First seminar was held on
10 December 2008
10.30am - 4.30pm
at London Knowledge Lab
The main aims of the seminar were to:
- Explore the intellectual and practical opportunities, problems and risks concerning the rise in digital and multimodal research presentation – particularly that of the PhD thesis
- Provide a forum for the exchange of practice in this area
- Inform thinking, including that on regulations and guidance, regarding new formats for the PhD in education and the social sciences
- Provide better commerce between the creation of knowledge in the field and its dissemination to users
Seminar programme
Richard Andrews, Caroline Pelletier, Andrew Burn: A survey of existing practice
Part of this presentation looked at examples of alternatives to the conventional written PhD thesis, drawing particularly on traditions of practice-based, studio-based, options for doctoral study. Certain models, especially in the field of art and design, have long histories, and variations on these have proliferated in recent years, addressing the interests and professional contexts of researchers, artists and designers in multimedia, games and virtual worlds. Recurrent themes in the discussions of these models include practical questions about the balance of different elements of the doctoral submission, epistemological questions about the nature of knowledge and the function of research, methodological questions about the relationship between investigation and design. These were briefly reviewed and opened up for discussion: a number of institutions currently running practice-based programmes were represented at the seminar.
Peter Halfpenny: The problem from an e-social science perspective
e-Social Science aims to harness innovations in digital technologies to enable social science to advance in ways not hitherto possible. Its drivers are the abundance of digital data, the availability of immense computer power and the ease of collaboration over time and space. e-Social Science affects every stage of the research life-cycle. As a consequence, it has numerous implications for the doctorate. Some of these were teased out in this talk.

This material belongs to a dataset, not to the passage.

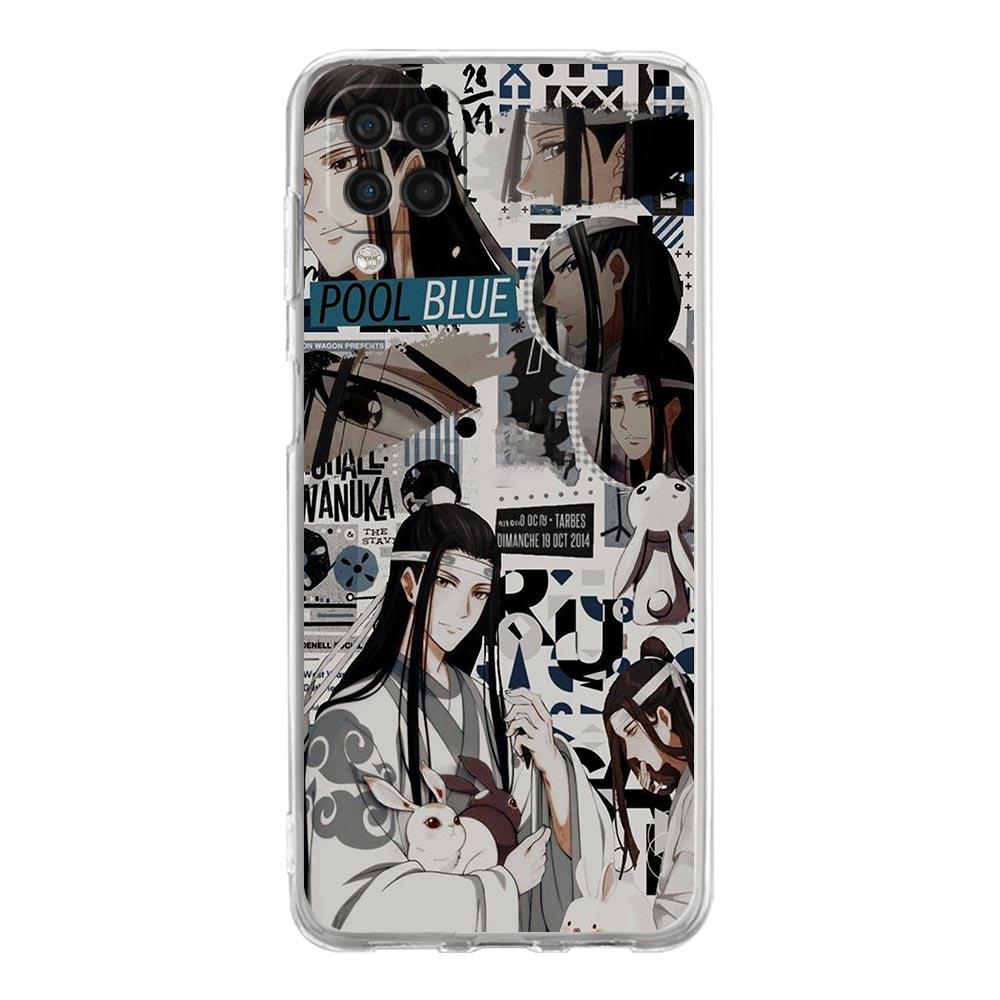 Прозрачный чехол для телефона Samsung Galaxy A13 A51 A71 A21S A12 A11 A31 A52 A41 A23 A53 A73 A32 5G A03S Мягкий чехол Аниме Mo Dao Zu Shi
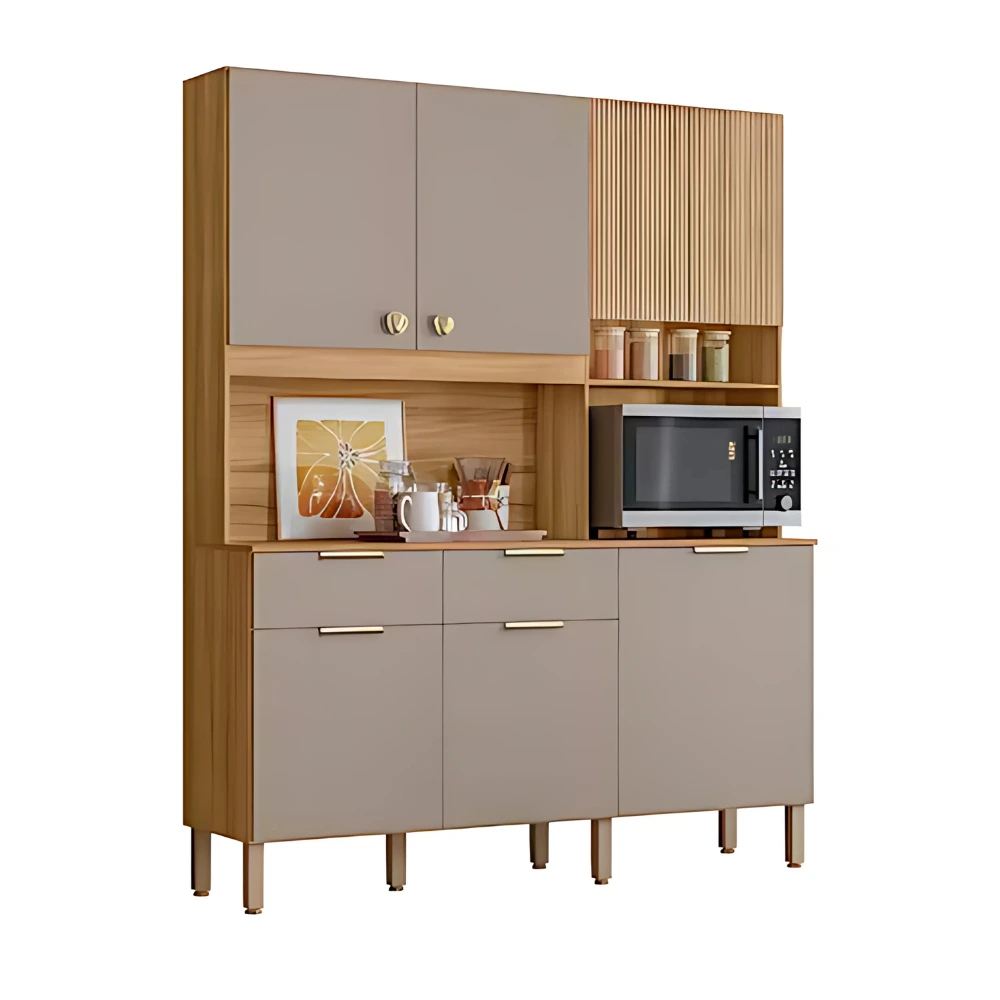 Cozinha Nicioli Tropical - Freijo/Fendy/Ripado Freijo Pta Fechada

Download Powerpoint file here.
Carey Jewitt: New multimodal and visual forms: what counts as knowledge in the doctoral thesis
Until relatively recently, the thesis has been a written form sometimes quietly ‘illustrated’ with visual evidence. The noise of audio files and multimodal media has been allowed to live in the appendix of the doctoral thesis. This separation of writing, image and multimodal forms is, however, challenged by the rise in research on and through digital media. Visual and multimodal perspectives, technologies and the data these generate in combination, put writing, image and the multimodal into new relationships. Further this has led to new forms of transcription and representation of data and findings and the re-thinking of what counts as knowledge. Contemporary multimodal texts will be used to explore the opportunities and problems of rethinking the relationship between writing, image, and other modes in order to comment on the possible futures for the PhD thesis. How might image and writing be put into more dynamic conversations within a thesis to move beyond the written comment on the visual or multimodal? What might visual and multimodal dialogues and arguments look like? In short, how might the multimodal move out of the appendix?

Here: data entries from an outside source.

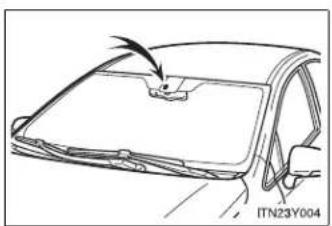 TOYOTA Avensis (2013) - ■ Rain drop sensor (vehicles with rain-sensing windshield wipers) - 1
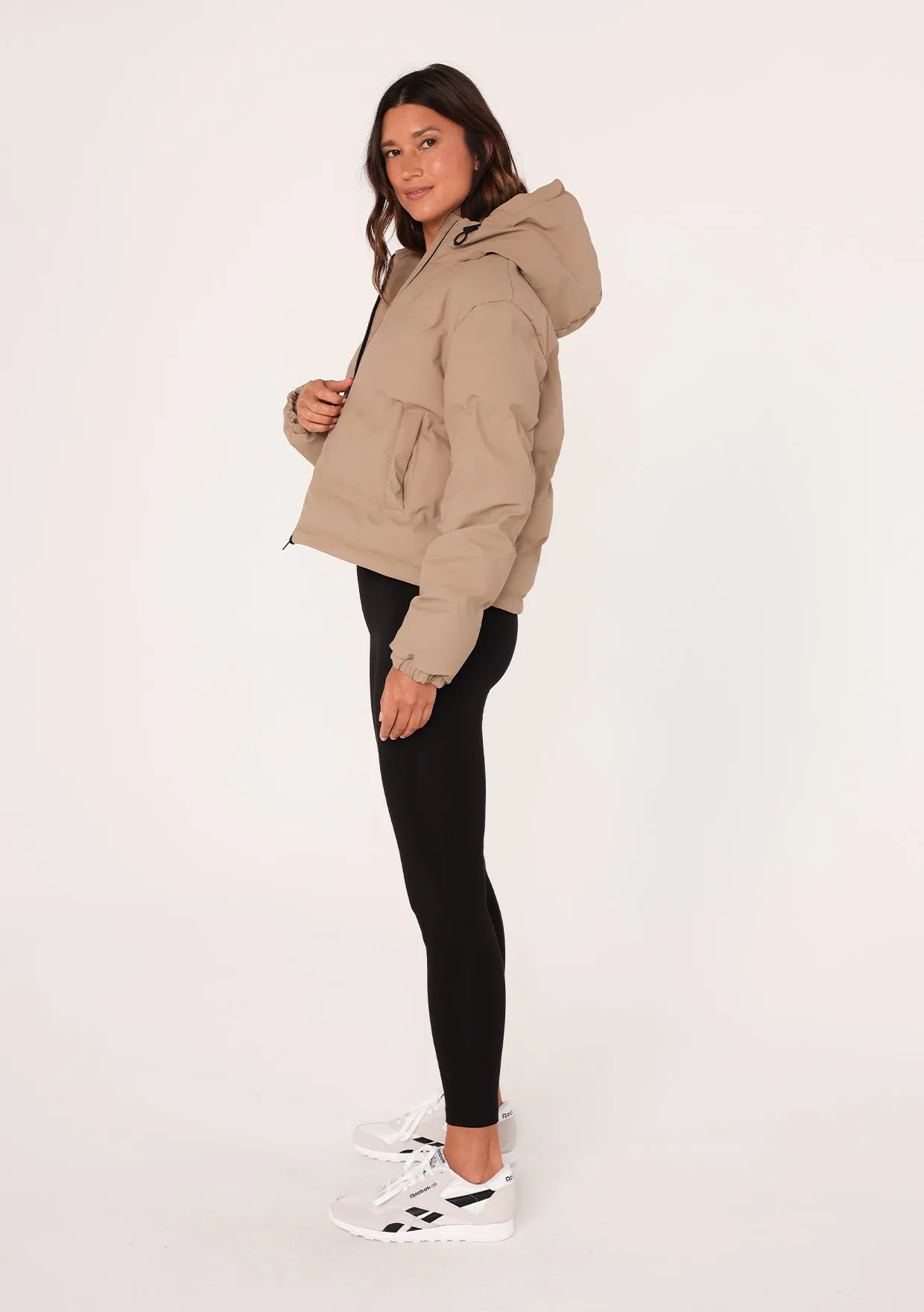 Long Sleeve Zip-Up Hooded Puffer Jacket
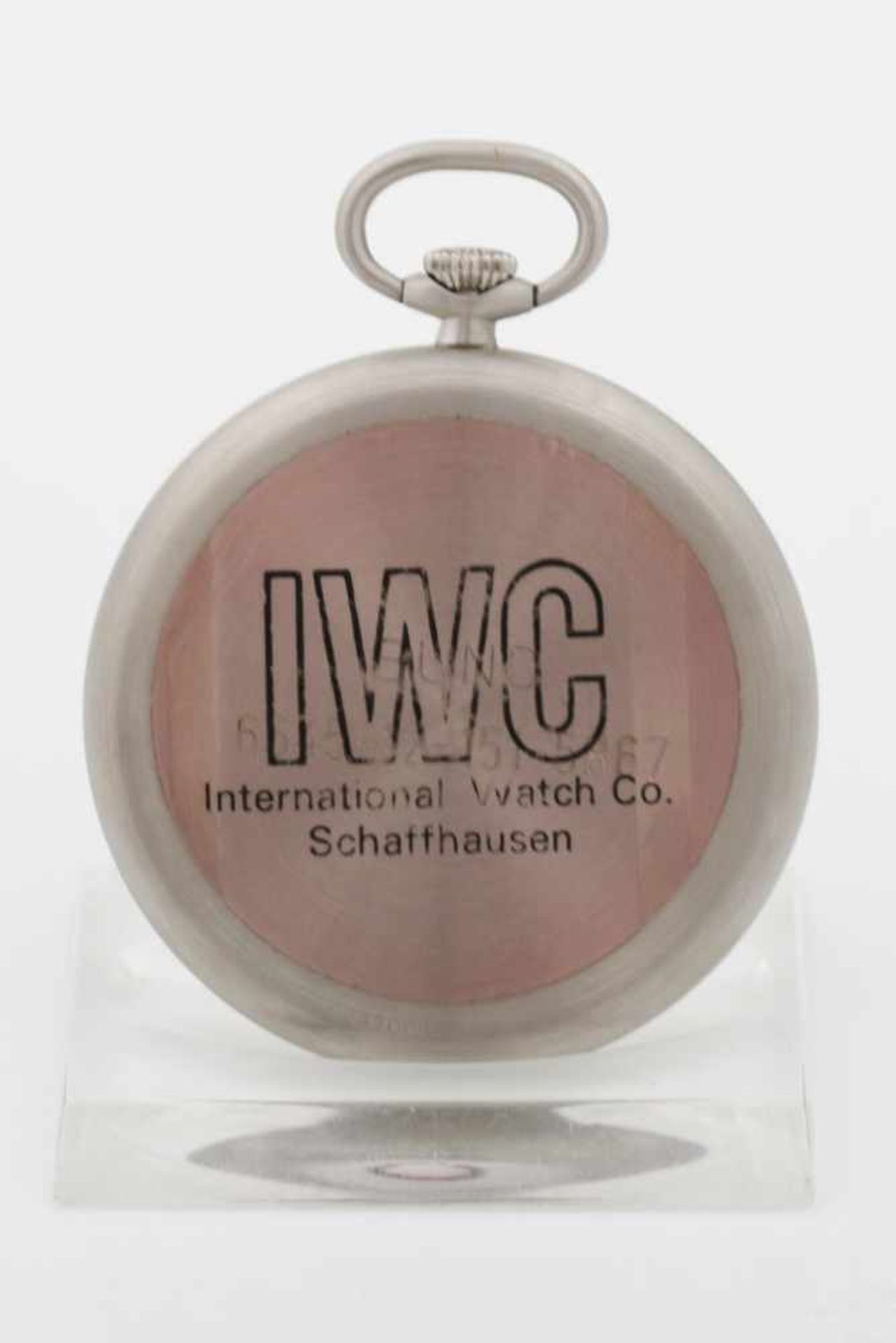 Beobachtungstaschenuhr der Bundeswehr, IWCInternational Watch Company, Schaffhausen, Referenz - Bild 2 aus 2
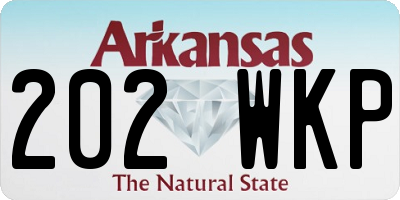 AR license plate 202WKP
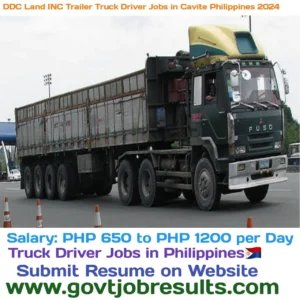 DDC Land INC Trailer Truck Driver Jobs in Cavite Philippines 2024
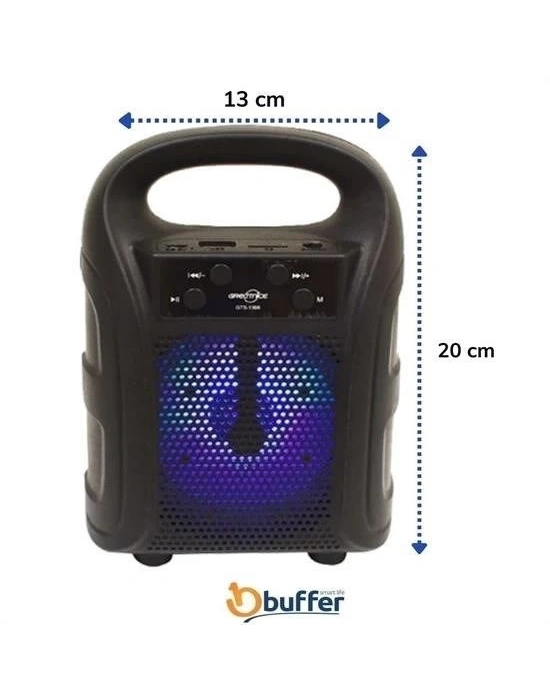 ÇOK SATAN Tutmalı Mini Hoparlör Işıklı Taşınabilir Bluetooth Wireless Radyolu Sd Kart ve USB Girişli Hoparlör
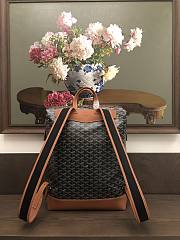 Okify Goyard Cisalpin Backpack Black And Brown 43x33x14cm - 5
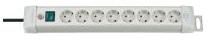 Pikendusjuhe Brennenstuhl Premium-Line 1955580100, 8 pistikupesa, 3 m, hall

Claire Robins: Artists’ interventions and the doctoral thesis
This paper discussed the role of art practice within my doctoral research in which I examine the interpretive role of contemporary artists’ interventions in galleries and museums. I do this in part, by staging an intervention, An Elite Experience for Everyone, at the William Morris Gallery, London. Artists’ interventions draw on multi-modal means of communication, bringing together text, image, object, display technologies and performances, in this instance, set within a parodic frame. I propose that the potential of this element of practice allows for a close (embodied) examination of disruptive and parodic methodologies which are common to many interventions. My concerns are to gain insights into how parodic and confrontational practices can be understood to ameliorate years of sedimented privilege within cultural institutions promoted as panaceas for achieving social goals. In order to reconcile parody and irony’s somewhat denigrated status in education I draw on the writings of Bakhtin (1966), Hutcheon (2000) and Kierkegaard (1841), to explore the effects of distraction and disruption.